Dziennikarze "Forbesa" oszacowali, że na każdego dolara otrzymanego przez Kidman za rolę w filmie przypadał zaledwie jeden dolar zarobiony przez film. Jeszcze rok temu była to proporcja 1:8. Niedawny film z jej udziałem "Inwazja" przyniósł nawet straty.
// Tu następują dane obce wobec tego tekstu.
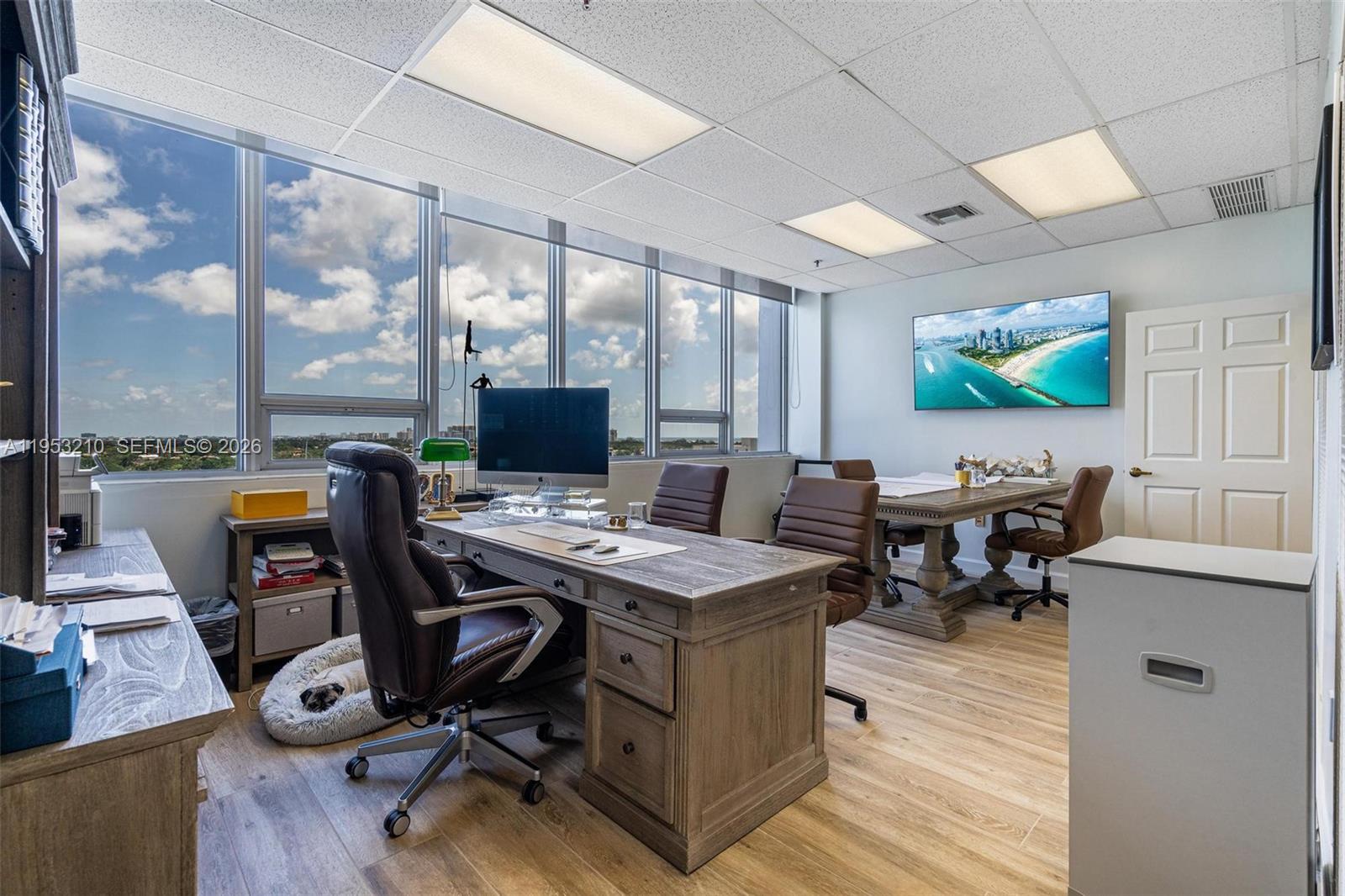 CU9J  /   sq. ft. $ 2026-02-09 0 foto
Kidman za tę rolę otrzymała zawrotną sumę 17 milionów dolarów.
"Pomimo, że Kidman zdobyła statuetkę Oscara w 2002 roku za rolę w filmie Godziny, obecnie jest najbardziej przepłacaną aktorką w Hollywood" - podaje "Forbes". "Być może najnowsza produkcja z jej udziałem Australia odmieni tę sytuację" - spekulują dziennikarze magazynu.
Drugą pozycję na tej niechlubnej liście zajęła Jennifer Garner, której ostatnie filmy, w tym "Królestwo" i "Złów i wypuść", zostały przyjęte przez publiczność gorzej niż przewidywano. Szacuje się, że na każdego dolara zapłaconego Garner przypada tylko 3,60 dolara zarobionego przez film.
Trzecie miejsce w rankingu okupuje Tom Cruise, z proporcją 1 dolar:4 dolary. Szczególną klapą w jego przypadku okazał się film "Ukryta strategia". W pierwszej dziesiątce listy znaleźli się także Cameron Diaz, Jim Carrey, Nicholas Cage, Drew Barrymore, Will Ferrell i Cate Blanchett.